DIGITAL LIBRARY
A TEACHING APPLICATION FOR THE STUDY OF LEAST SQUARES APPROXIMATION USING CUBIC SPLINES
Universitat Politècnica de València (SPAIN)
About this paper:
Appears in: INTED2017 Proceedings
Publication year: 2017
Pages: 9384-9390
ISBN: 978-84-617-8491-2
ISSN: 2340-1079
doi: 10.21125/inted.2017.2214
Conference name: 11th International Technology, Education and Development Conference
Dates: 6-8 March, 2017
Location: Valencia, Spain
Abstract:
One of the most commonly used interpolation methods is based on the use of cubic splines due to their ease of handling (these are functions with a second continuous derivative and that, in pieces, are given by cubic polynomials) and its good geometric properties (they are the curves with the smallest "curvature" that happen through a given points). Splines can also be used to find the best least-squares approximation for a set of given points.
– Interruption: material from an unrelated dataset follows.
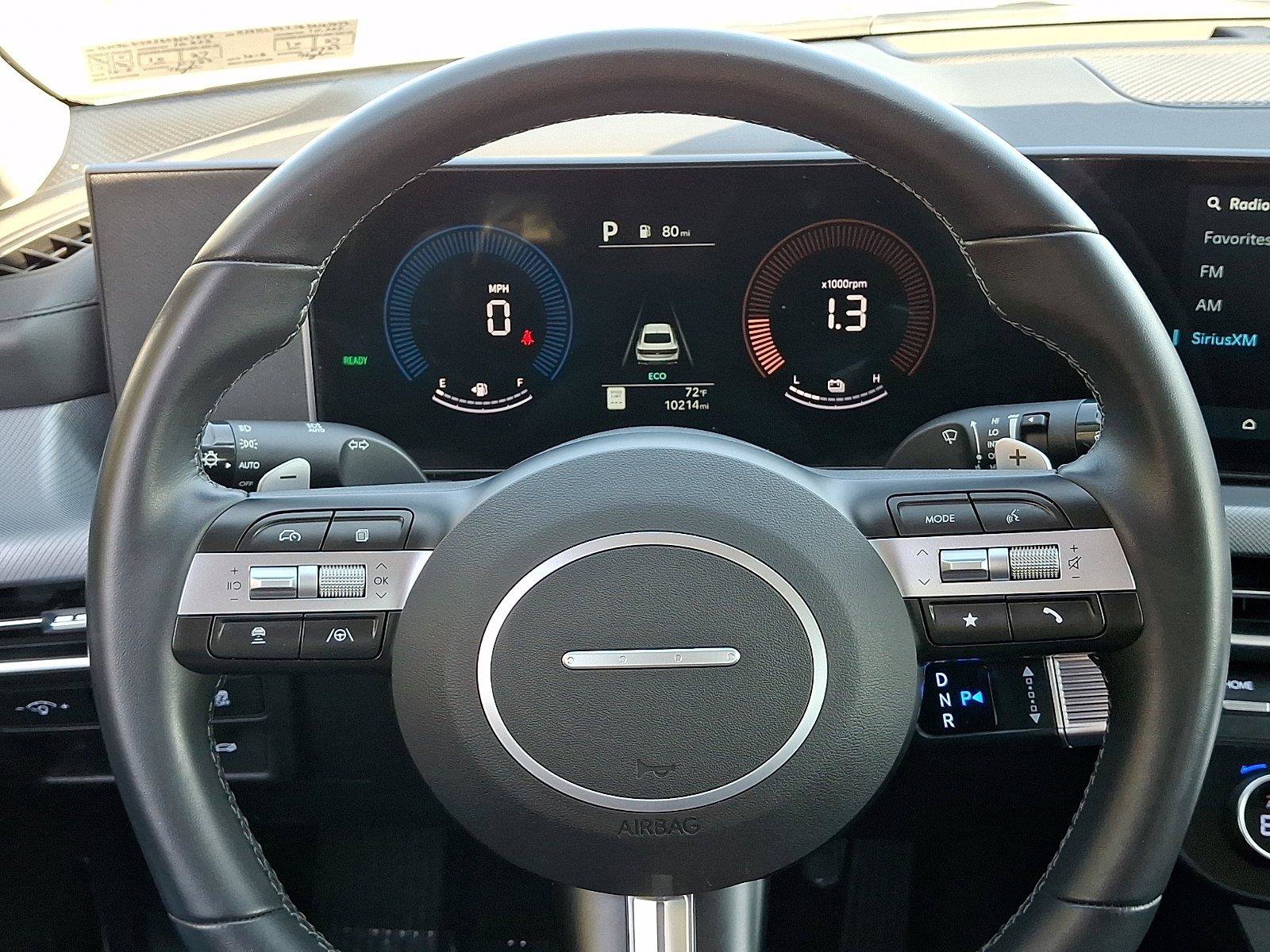 Used 2025 Hyundai Sonata SEL FWD image 18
In this paper we present a virtual laboratory of Matlab that allows to study graphically the least squares approximation through cubic splines and their properties. It is possible to work from a set of points of the given plane or from a curve defined by a function. In this case, in addition to the graphical representation of the given points, the exact curve and the least squares approximation, the graph of the error can also be obtained. The application can show the polynomial approximation by least squares allowing to compare both methods. Simplicity of handling, speed of calculation, interactivity and multiple graphical options can help students to better understand the concept of quadratic least approximation by splines, their properties and comparison with other methods.
Keywords:
Splines, interpolation, least squares, virtual laboratory, Matlab, graphical interface, active methodologies.